The council approved a plan to rezone a 3185-hectare property at Dolphin Sands in April, which would allow for a multi-million dollar development.
The development would include 139 villas and units at a Cambria Homestead Precinct, 161 units and villas along the river, an 80-unit health retreat, golf course, 20 accommodation units at the golf range, and a 150-room resort.
Glamorgan Spring Bay mayor Michael Kent is a strong supporter of the proposal, saying any development that could potentially bring more than $100 million in investment to the area was positive on the face of it.
“It’s unbelievable for that amount to be spent on the East Coast,” he has previously said.

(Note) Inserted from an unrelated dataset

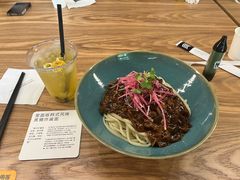 -里面·Noodlology(机电院店)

Among the groups who will be represented at the public meeting are the East Coast Alliance, the Freycinet Action Network, the Tasmanian National Parks Association, the Wilderness Society, the Tasmanian Conservation Trust and the St Helens Point Progress Association.
PMAT spokeswoman Sophie Underwood called on supporters to “pack” the Town Hall come next Tuesday.
“We must let our representatives know the community is deeply concerned about the lack of vision and planning at all levels of government that could lead to the destruction of our precious and unique East Coast,” she said.
“The Cambria Green zoning amendment proposed for Swansea is just one of a number of massively scaled, high intensity, inappropriate developments that would change forever Tasmania's magnificent East Coast.
“It would set a precedent that would reverberate right across Tasmania and beyond.”
Representatives from all of Tasmania’s political parties have been invited to speak at the event.